Atenção: este texto contém spoilers!

O primeiro ano da série nos apresentou à personalidade forte, espevitada e alegre de Anne ao mesmo tempo em que revelou com sensibilidade e cuidado seus traumas e inseguranças, fruto de uma vida de abandono e violência, e à sensação de não pertencimento que ela constantemente sentia em Avonlea. Aos poucos, no entanto, essa sensação foi se dissipando conforme ela percebia quanto amor e carinho podia existir lá. Ao longo da primeira temporada, Anne e os irmãos Marilla (Geraldine James) e Matthew (R. H. Thomson) se transformam em uma família pouco convencional, mas nem por isso menos significativa — e nessa família podemos facilmente incluir Jerry (Aymeric Jett Montaz), o ajudante de Matthew na fazenda. Anne também descobre o quão poderosas podem ser as amizades verdadeiras, especialmente ao lado da incansável Diana (Dalila Bella) e, logo depois, de Ruby (Kyla Matthews). Não é um caminho sem percalços, é claro: Anne ainda é uma forasteira, é órfã, é ruiva, já viu e ouviu coisas que uma criança não deveria ter ouvido. Mas todas essas experiências também fazem dela exatamente quem ela é: única ali. Leva tempo, mas, com Anne, Avonlea descobre o quanto o novo e o diferente podem ser enriquecedores, e no segundo ano da série essa ideia será o tema central.
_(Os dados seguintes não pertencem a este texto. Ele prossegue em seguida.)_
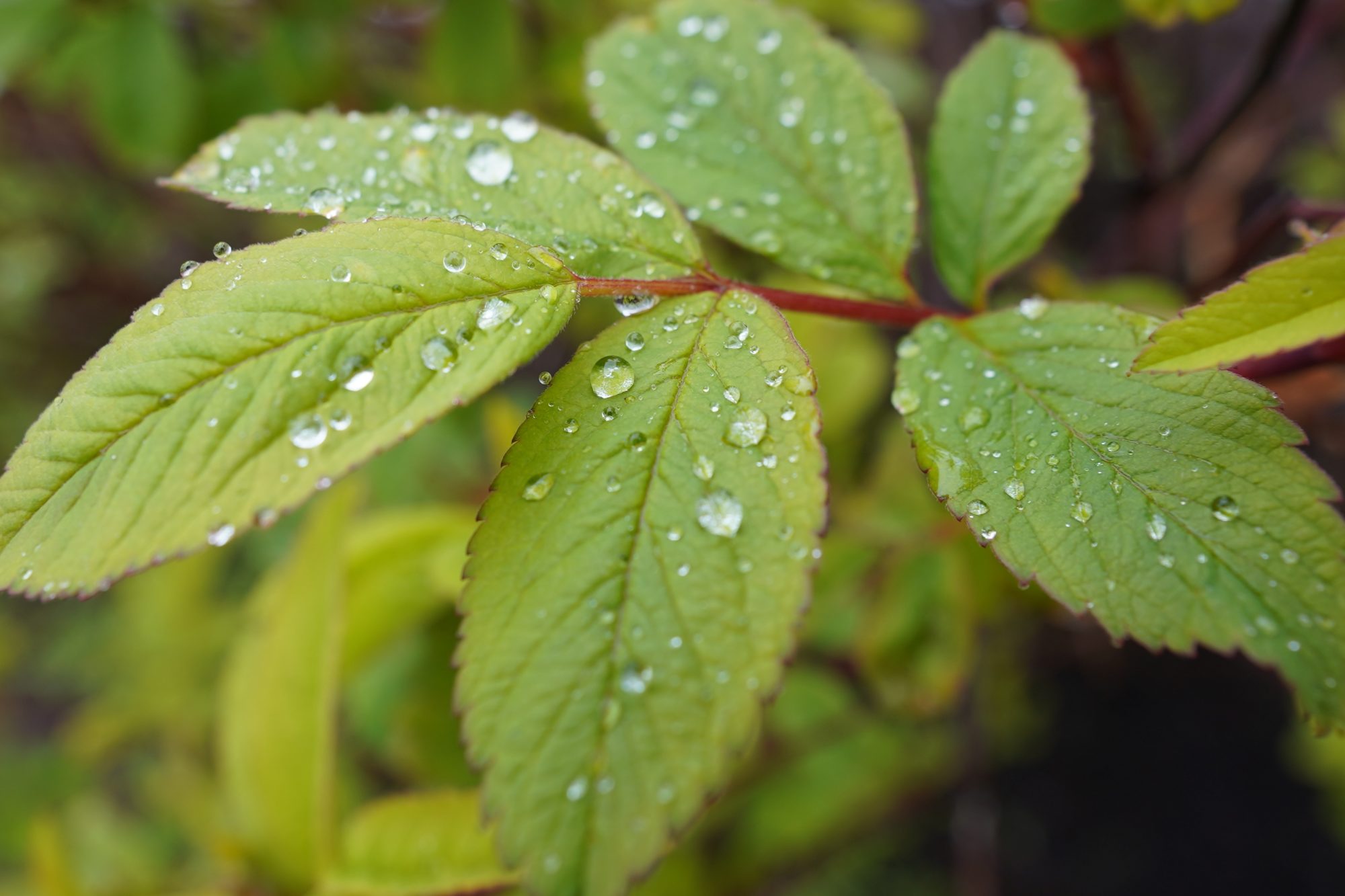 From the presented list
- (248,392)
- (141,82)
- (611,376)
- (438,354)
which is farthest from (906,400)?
(141,82)

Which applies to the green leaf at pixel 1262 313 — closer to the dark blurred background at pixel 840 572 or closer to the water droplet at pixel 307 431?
the dark blurred background at pixel 840 572

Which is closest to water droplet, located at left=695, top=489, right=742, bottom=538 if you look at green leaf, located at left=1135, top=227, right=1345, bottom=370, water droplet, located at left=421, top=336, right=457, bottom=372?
water droplet, located at left=421, top=336, right=457, bottom=372

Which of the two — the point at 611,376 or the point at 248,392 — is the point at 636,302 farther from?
the point at 248,392

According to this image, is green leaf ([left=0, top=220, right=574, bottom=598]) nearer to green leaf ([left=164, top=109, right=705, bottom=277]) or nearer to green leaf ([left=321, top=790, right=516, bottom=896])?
green leaf ([left=164, top=109, right=705, bottom=277])

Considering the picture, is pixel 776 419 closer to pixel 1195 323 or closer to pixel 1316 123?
pixel 1195 323

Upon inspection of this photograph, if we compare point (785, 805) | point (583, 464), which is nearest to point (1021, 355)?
point (583, 464) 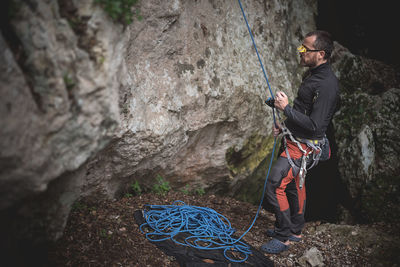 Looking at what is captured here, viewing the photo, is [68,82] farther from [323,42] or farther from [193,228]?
[323,42]

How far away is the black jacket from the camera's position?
3.30 m

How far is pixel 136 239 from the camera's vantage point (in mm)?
3295

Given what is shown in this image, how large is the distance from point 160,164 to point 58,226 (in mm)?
1831

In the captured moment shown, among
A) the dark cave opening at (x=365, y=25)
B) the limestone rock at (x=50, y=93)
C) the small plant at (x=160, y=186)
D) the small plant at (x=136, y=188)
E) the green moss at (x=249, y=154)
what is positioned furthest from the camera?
the dark cave opening at (x=365, y=25)

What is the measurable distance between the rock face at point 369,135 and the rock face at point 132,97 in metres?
1.05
Ainda que centralize em primeiro lugar as experiências de uma menina transitando entre a infância e a adolescência, desde a primeira temporada ficou claro que a série busca abranger um público maior do que esse. Tanto o roteiro quanto a atuação impecável de Amybeth McNulty dão a Anne muitas camadas, permitem que ela vivencie uma porção de emoções conflitantes e explorem a mistura de ingenuidade e maturidade que coabitam a mente de Anne. Mas não é só às jovens meninas que a série dedica seu olhar, ainda que a experiência de ser uma garota no mundo seja um tema central. Na primeira temporada, os roteiros também se ocupam de dar muitas nuances às experiências principalmente de Marilla, Matthew e Gilbert (Lucas Jade Zumann), também obrigado pelas circunstâncias a assumir mais responsabilidades e olhar para a vida de um jeito muito mais sério do que um garoto deveria precisar. E é justamente em meio ao mergulho de roteiro no luto de Gilbert que passamos a perceber a história de Marilla com mais cores, quando ficamos sabendo de seu romance adolescente abortado e dos caminhos que foram fechados para ela e para Matthew em meio ao luto particular dos Cuthbert com a perda do irmão mais velho. De maneira semelhante, é quando Matthew percebe que Anne está crescendo e vai atrás de seu tão sonhado vestido de mangas bufantes que somos apresentados ao seu próprio drama. As histórias dos Cuthbert são tratadas com muita sensibilidade, e logo fica evidente que suas jornadas emocionais são tão centrais em Anne With an E quanto as aventuras e desventuras da menina que dá nome à série.

anne with an e

Um dos temas explorados na segunda temporada é justamente algo que desde o começo chamara atenção de Anne: o fato de os Cuthbert nunca terem se casado. Porque Anne e os colegas de escola estão crescendo, o romance começa a parecer mais uma possibilidade concreta do que apenas uma ideia que atravessa o imaginário coletivo. Como a leitora voraz que é, Anne tem muitas ideias sobre amor, e ela se pergunta como viver uma vida plena sem ele. Um dos momentos mais bonitos e sensíveis para ela é entender, junto aos Cuthbert, quantas formas diferentes o amor pode ter. É uma ideia que também é explorada com tia Josephine (Deborah Grover), que na temporada anterior surge como uma mulher idosa de luto pela perda de sua companheira. Anne não entende imediatamente o que Josephine quer dizer quando explica que fora casada à sua própria maneira, mas quando entende, reage de forma muito natural, escolhendo celebrar o amor. Embora possa falar demais em muitas ocasiões e seja excessivamente curiosa (acabando por falar a coisa errada com bastante frequência), Anne nunca faz isso por mal e, talvez por suas experiências próprias com o bullying, ela sempre parece mais disposta e pronta do que qualquer um para abraçar as diferenças que vê ao seu redor.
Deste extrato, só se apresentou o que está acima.